Should Consumers Invest in Electric
When fuel costs are high, consumers might start feeling electrified by the potential savings of electric vehicles. While it’s true that driving these vehicles lets owners skip the pump, electric vehicles are powered by a battery that’s charged by electricity.
While fuel pumps are plentiful, charging stations aren’t so common in all areas. Car owners might want to invest in a level 2 charging station to ensure that they can fully charge their electric vehicle overnight at home. In addition, they might need to plot out any long trips to account for charging needs.
For some consumers, the price of a new electric vehicle also could be beyond their price range.
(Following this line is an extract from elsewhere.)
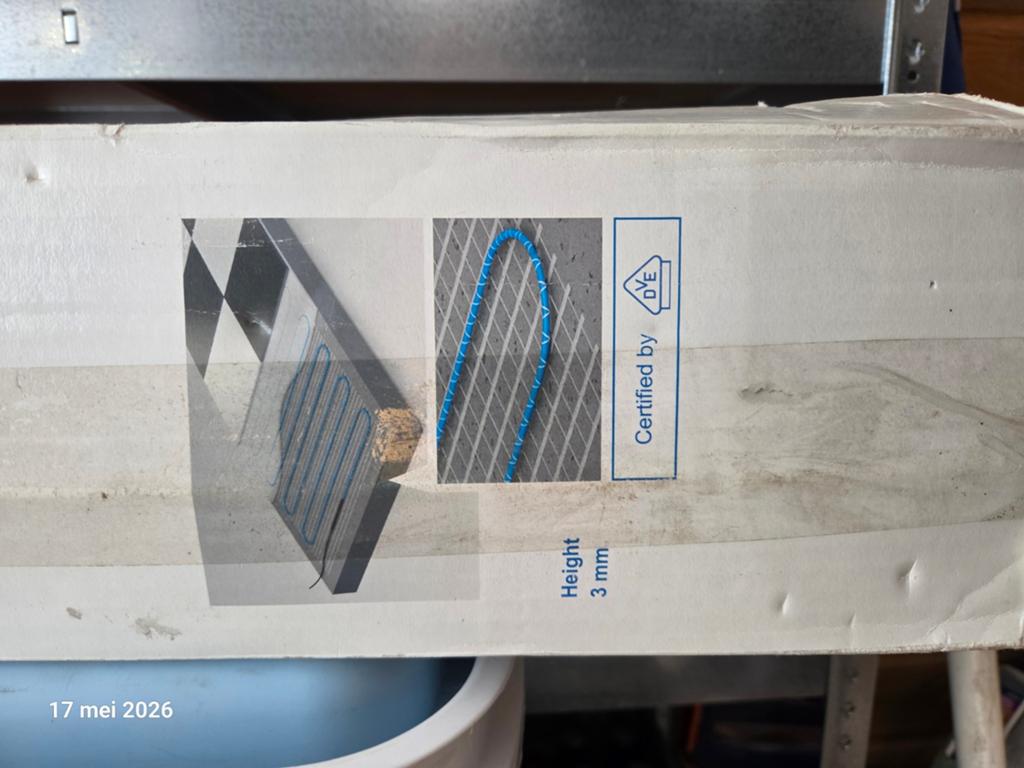 Uponor elektrische vloerverwarming Comfort E Mat 3m2, Ophalen, 500 tot 800 watt, Minder dan 30 cm, Overige typen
The least expensive electric model on the market is the Nissan Leaf, which starts at $27,400; Business Insider reports that it’s also still eligible for a tax credit.
The Many Advantages of Decreasing the Drive
The biggest advantage of limiting car usage is the savings related to fuel costs. Less driving means fewer visits to the gas station. In addition, car owners will put fewer miles on their vehicle; the car also will endure less wear and tear. There also could be benefits related to insurance costs, but car owners will need to reach out to their provider.
Car owners might not think about the eco-benefits related to decreased vehicle use. Yet, every time an individual walks or bikes instead of turning the ignition on their car, they can help decrease their impact on the environment.